Pour éviter une telle dérive, la direction de Safran va relancer des négociations en début de semaine pour statuer sur le sort des salariés expérimentés qui ont quitté l’entreprise, avant la promulgation de la loi du 14 avril.
En effet, plusieurs dispositifs permettent de partir de l’entreprise jusqu’à trois ans avant la date effective de la retraite : les mesures relatives à la pénibilité, le temps partiel senior, le compte épargne-temps mais aussi la conversion de l’indemnité supra légale de départ à la retraite en temps (jusqu’à quatre mois). "La direction de Safran ne souhaite pas faire revenir les salariés mais elle pourrait leur proposer d’utiliser en priorité leur éventuel reliquat des droits relatifs à l’indemnité supra légale de départ à la retraite en temps et/ou au CET, pour combler les trimestres manquants avant une participation de l’entreprise ", indique Patrick Potacsek, coordinateur national CFE-CGC pour le groupe et délégué syndical central de la société Safran Aircraft Engines.
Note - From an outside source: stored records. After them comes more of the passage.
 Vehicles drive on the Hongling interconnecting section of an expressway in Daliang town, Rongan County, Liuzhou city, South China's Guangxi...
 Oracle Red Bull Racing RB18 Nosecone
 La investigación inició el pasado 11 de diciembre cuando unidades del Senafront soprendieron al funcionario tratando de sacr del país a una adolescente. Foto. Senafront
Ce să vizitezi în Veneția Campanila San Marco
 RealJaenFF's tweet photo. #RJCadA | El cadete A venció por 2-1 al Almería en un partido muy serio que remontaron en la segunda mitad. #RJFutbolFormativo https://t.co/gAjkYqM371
Une proposition qui entraîne, selon le syndicaliste, un traitement très discriminatoire entre les salariés concernés. Les discussions étaient en stand-by depuis plusieurs semaines.
Néanmoins, toutes les entreprises n’ont pas les moyens d’assurer cette rallonge. "Économiquement, ce n’est pas possible", tranche Jean-François Poupard, directeur des affaires sociales de l’Afpa (7 000 salariés) qui estime que compenser l’allongement de la durée de cotisation représenterait un "coût exorbitant". Devenue Epic, l’agence a conclu un accord de GEPP, en septembre 2022, prévoyant un temps partiel aidé trois ans avant le départ à la retraite. Avec maintien des cotisations de retraite sécurité sociale et complémentaire calculées sur le salaire reconstitué à temps plein. Cumulé à l’octroi de deux mois d’absence rémunérée et à l’utilisation de son CET, ce temps partiel permet au salarié de partir jusqu’à plus de 16 mois avant l’âge légal de départ. Pas question toutefois de combler les trimestres manquants. La réintégration n’est pourtant à l’ordre du jour, les postes ont d’ores et déjà été pourvus. Jean-François Poupard prévoit donc de recontacter les salariés qui ont quitté l’entreprise afin de proposer aux salariés lésés trois options : revenir pour effectuer une mission ponctuelle si cela s’avère possible, donner un trimestre sans solde, voire lisser leur rémunération jusqu’à leur nouvelle date de départ à la retraite.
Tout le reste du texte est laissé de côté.